→ Work instructions: From the entries below, return exactly the lines beginning at the one that contains "Blush Spectacle, pink" and ending at the one that contains "a room with", both of them included, and only those lines.

→ Dataset:

__________

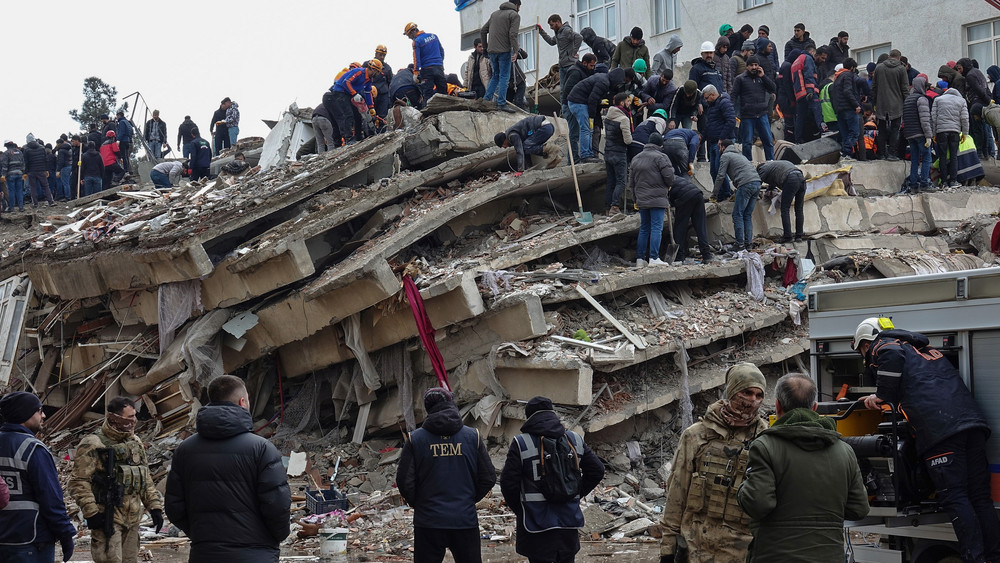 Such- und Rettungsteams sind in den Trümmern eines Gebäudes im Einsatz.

__________

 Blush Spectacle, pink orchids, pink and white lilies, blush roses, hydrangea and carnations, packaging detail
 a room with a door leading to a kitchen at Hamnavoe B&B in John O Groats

__________

→ Response to the exercise:
 Blush Spectacle, pink orchids, pink and white lilies, blush roses, hydrangea and carnations, packaging detail
 a room with a door leading to a kitchen at Hamnavoe B&B in John O Groats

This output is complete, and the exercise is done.